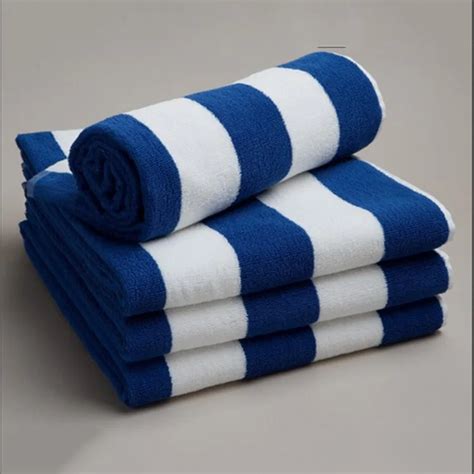 Mediterranean style navy blue and white stripe towel cotton Blue and ...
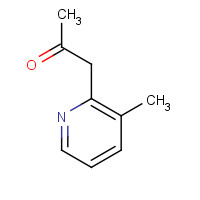 39050-03-8 1-(3-methylpyridin-2-yl)propan-2-one chemical structure
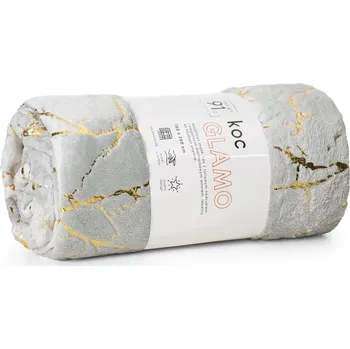 Prostěradlo Deka Eurofirany polyester 150 cm x 200 cm stříbrná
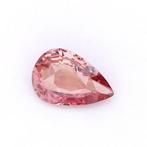 1 pcs Roze, Oranje Saffier, Padparacha saffier - 1.65 ct -, Nieuw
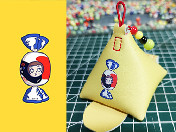 十三白插画师联名卡通画小粽零钱包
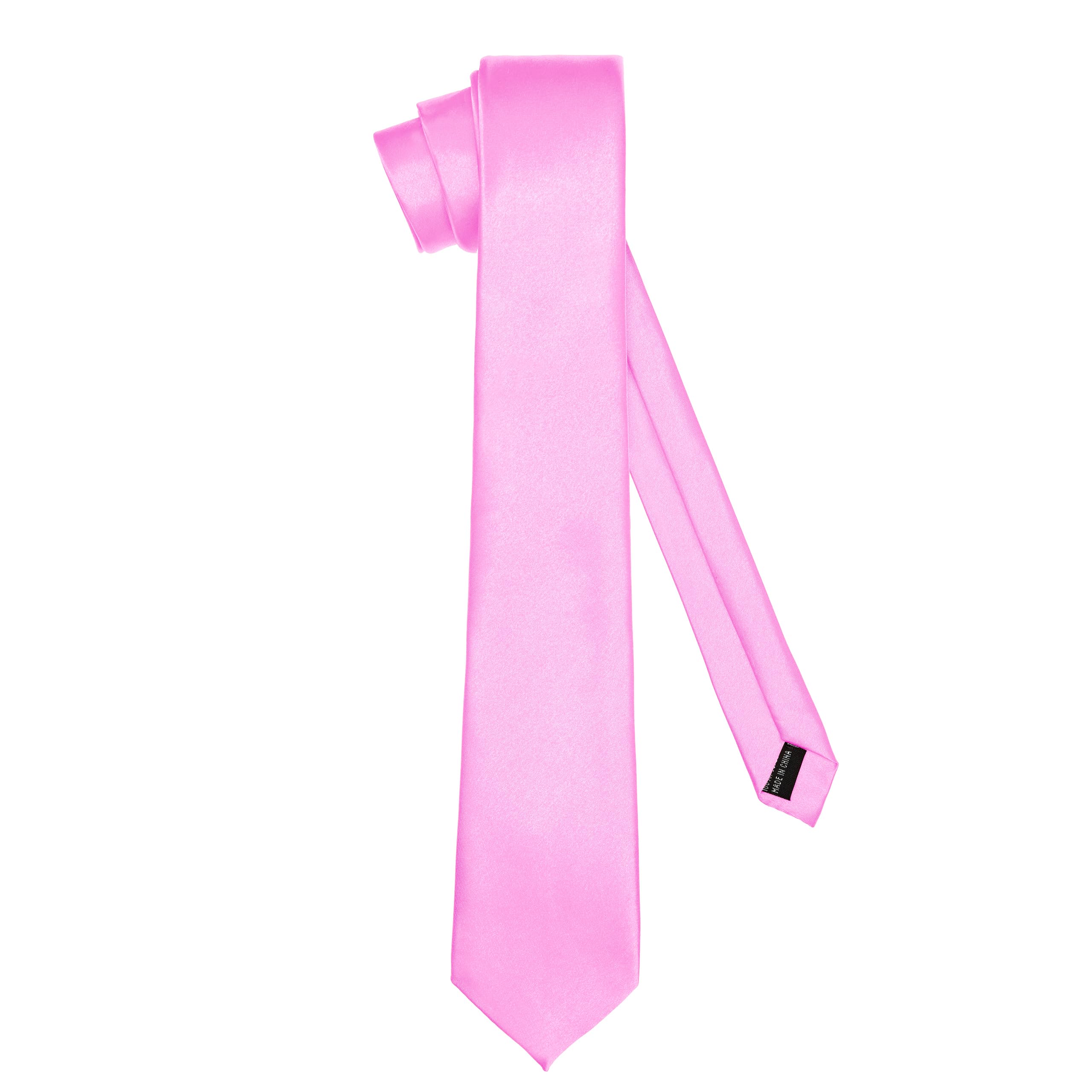 Ladeheid Klassische Herren Krawatte, glänzend, Perfekt für Büro & Festlichkeiten, Vielfältige Farben - Ideal für Geschäftsmeetings, Hochzeiten Größe 150cm x 7cm TMS-7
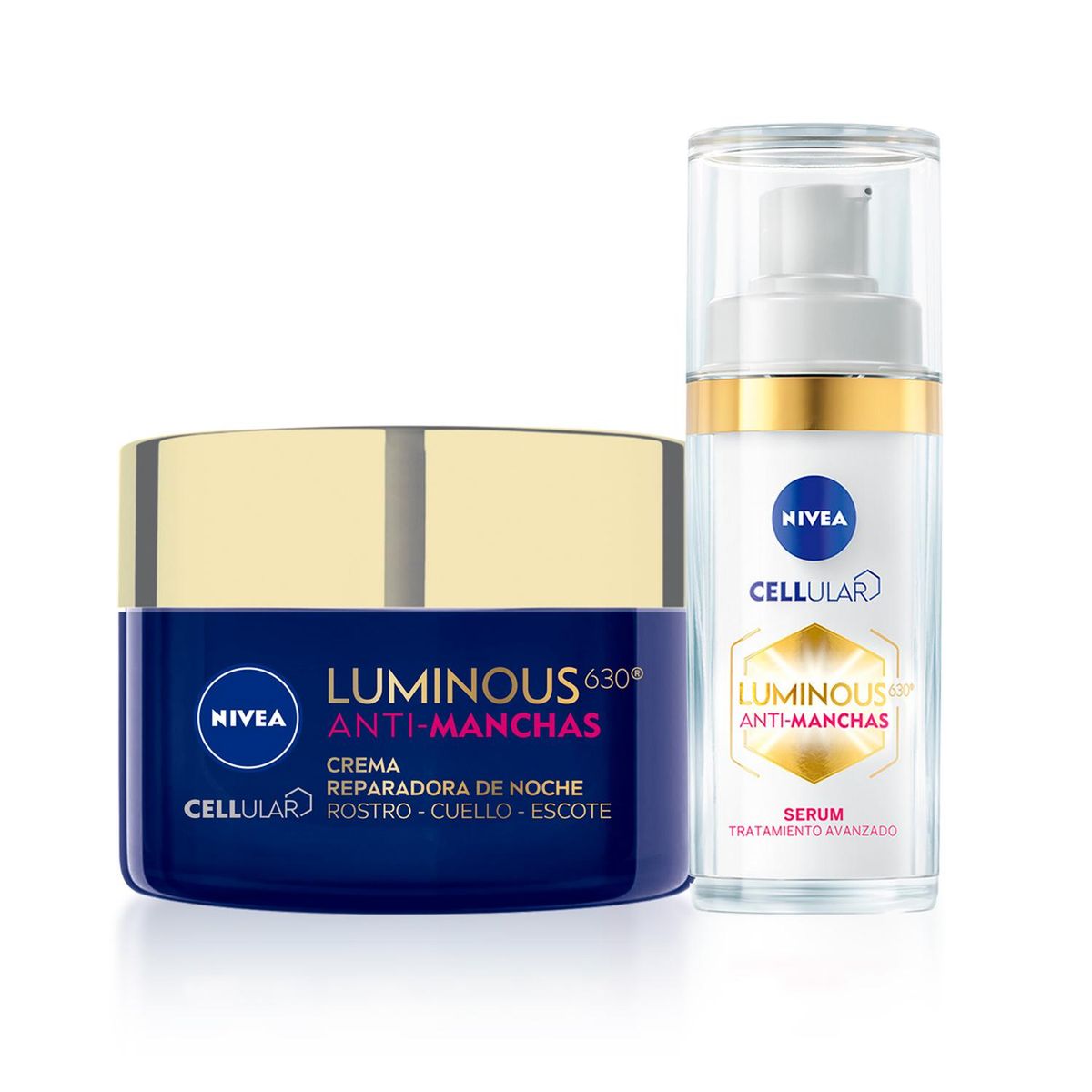NIVEA - Combo Nivea Cellular Luminous Serum + Crema noche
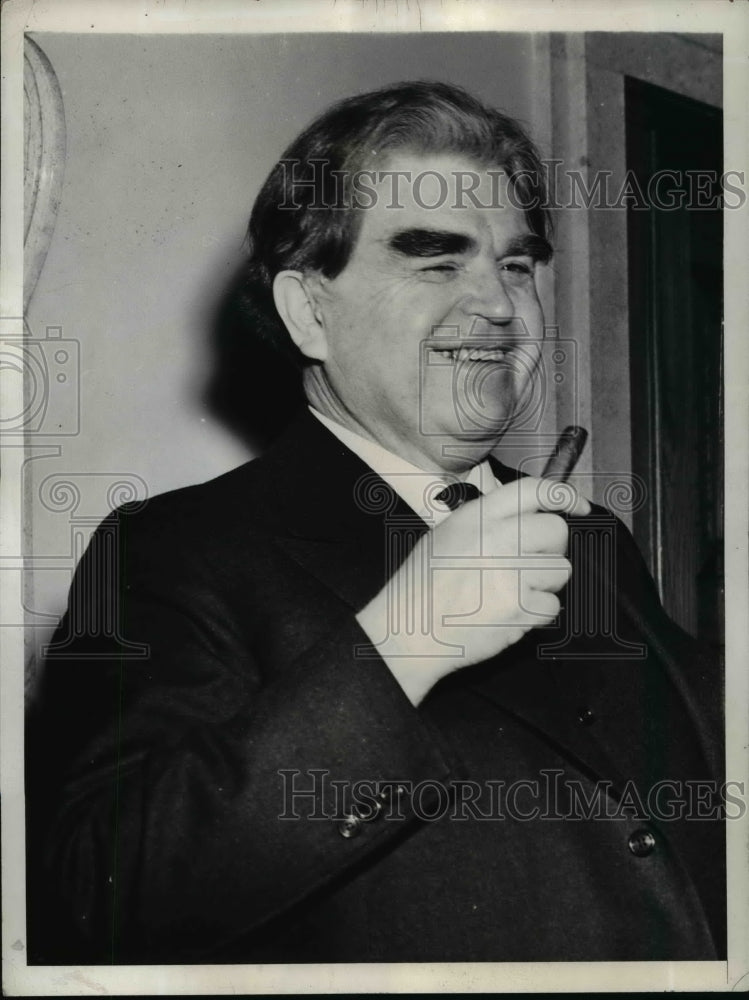 1941 Press Photo John L. Lewis at Industry Labor Conference, Washington, D.C.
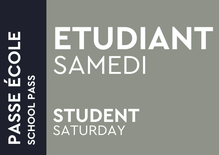 Passe École - Étudiant Samedi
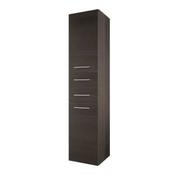 Rimini Tall Boy Cabinet - Shadow Black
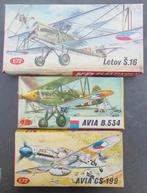 Lot Vintage Avia et Letov Plastikovy 1/72ième, Verzenden, Nieuw, 1:72 tot 1:144, Vliegtuig
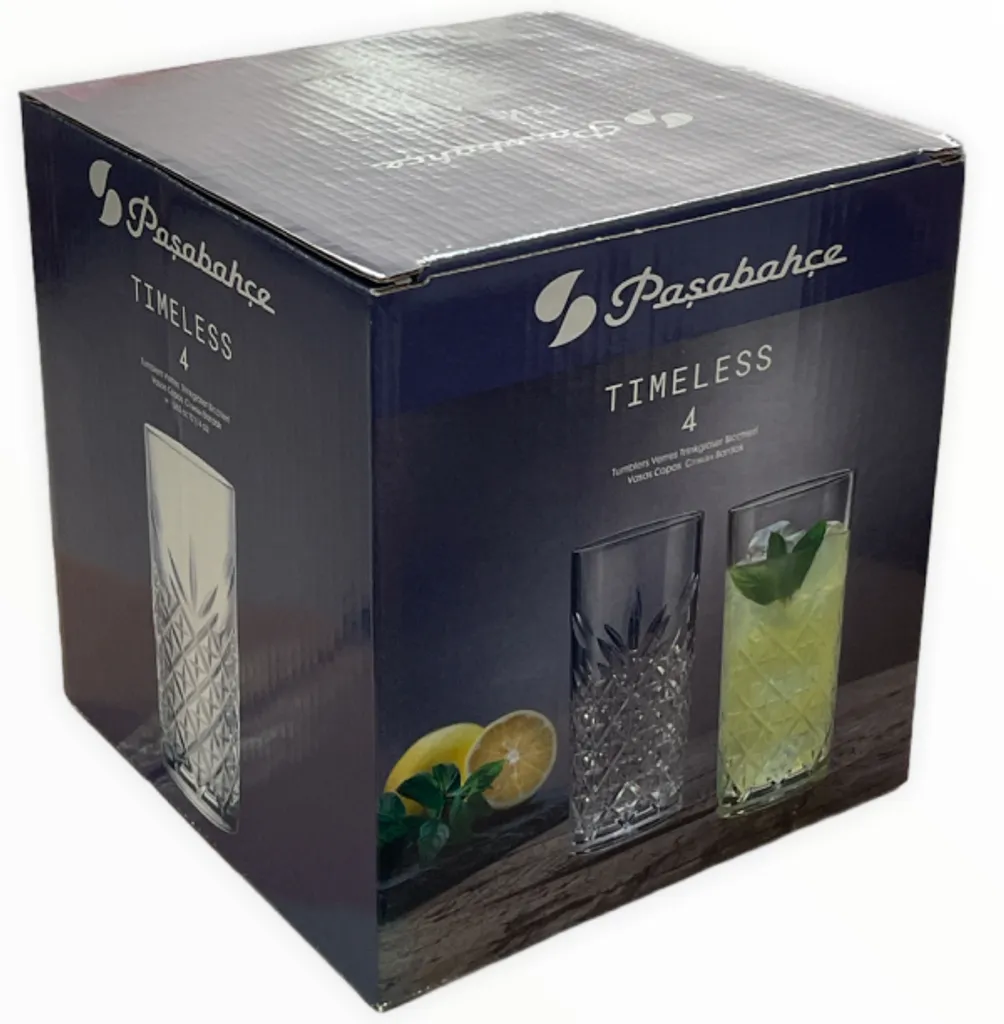Pasabahce Timeless 520205 Longdrink Glas Wassergläser Kristall Design 4´er Set Transparent 365 Ml 10 Pasabahce Timeless 520205 Longdrink Glas Wassergläser Kristall Design 4´er Set Transparent 365 Ml – Bild 10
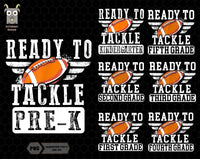 Ready To Tackle Grade Level T-Shirt *Back to School Sale*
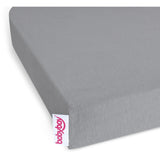 babybay® Grey Jersey Cover Deluxe Ark 2-Pack Boxspring Xxl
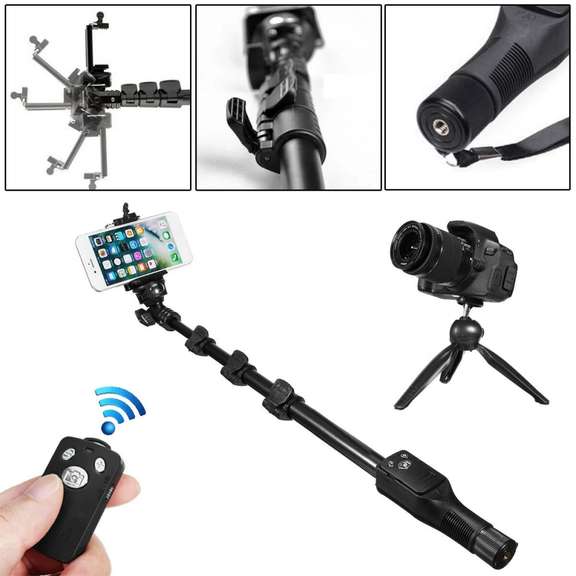 Bluetooth Wireless Handheld Selfie Stick Monopod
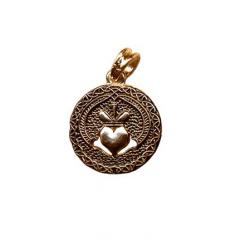 Claddagh small (Pendant in Gold)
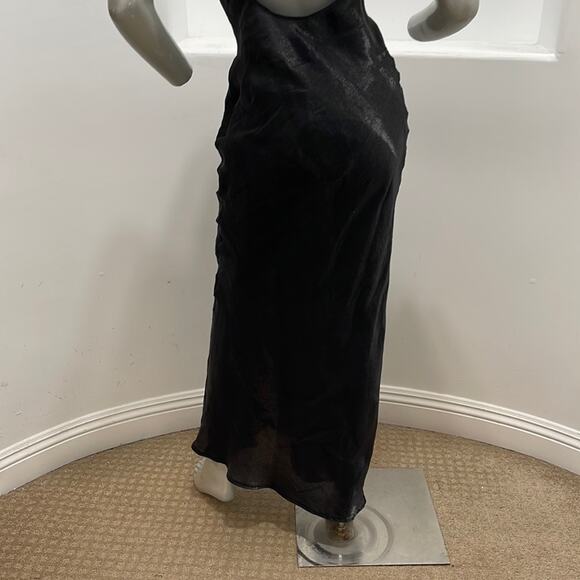Rise of Dawn Spaghetti Strap Slip Maxi Dress Black Shimmering Size XS NWT - Picture 8 of 13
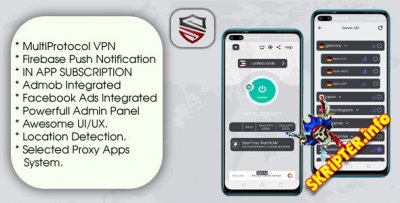 One VPN v1.0 - многопротокольное приложение VPN с панелью администратора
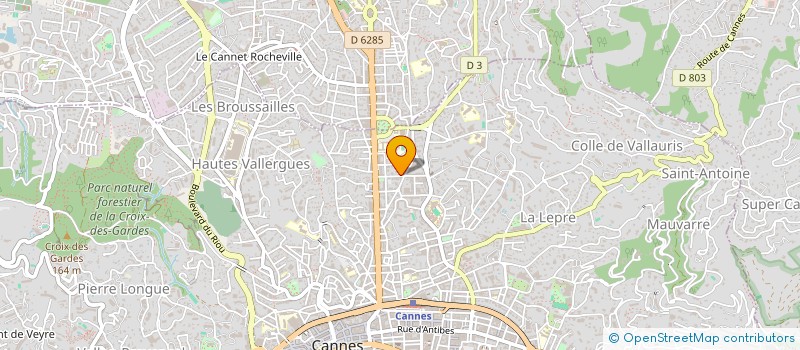 localisation de l'entreprise MONSIEUR LUC REMBADO  CANNES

####

▶ **Task objective**: Verbatim copy, images excluded: transcribe all the entries above.

▶ **Answer section**:
 Mediterranean style navy blue and white stripe towel cotton Blue and ...
 39050-03-8 1-(3-methylpyridin-2-yl)propan-2-one chemical structure
 Prostěradlo Deka Eurofirany polyester 150 cm x 200 cm stříbrná
 1 pcs Roze, Oranje Saffier, Padparacha saffier - 1.65 ct -, Nieuw
 十三白插画师联名卡通画小粽零钱包
 Ladeheid Klassische Herren Krawatte, glänzend, Perfekt für Büro & Festlichkeiten, Vielfältige Farben - Ideal für Geschäftsmeetings, Hochzeiten Größe 150cm x 7cm TMS-7
NIVEA - Combo Nivea Cellular Luminous Serum + Crema noche
 1941 Press Photo John L. Lewis at Industry Labor Conference, Washington, D.C.
 Passe École - Étudiant Samedi
 Rimini Tall Boy Cabinet - Shadow Black
 Lot Vintage Avia et Letov Plastikovy 1/72ième, Verzenden, Nieuw, 1:72 tot 1:144, Vliegtuig
Pasabahce Timeless 520205 Longdrink Glas Wassergläser Kristall Design 4´er Set Transparent 365 Ml 10 Pasabahce Timeless 520205 Longdrink Glas Wassergläser Kristall Design 4´er Set Transparent 365 Ml – Bild 10
 Ready To Tackle Grade Level T-Shirt *Back to School Sale*
 babybay® Grey Jersey Cover Deluxe Ark 2-Pack Boxspring Xxl
 Bluetooth Wireless Handheld Selfie Stick Monopod
 Claddagh small (Pendant in Gold)
Rise of Dawn Spaghetti Strap Slip Maxi Dress Black Shimmering Size XS NWT - Picture 8 of 13
 One VPN v1.0 - многопротокольное приложение VPN с панелью администратора
 localisation de l'entreprise MONSIEUR LUC REMBADO  CANNES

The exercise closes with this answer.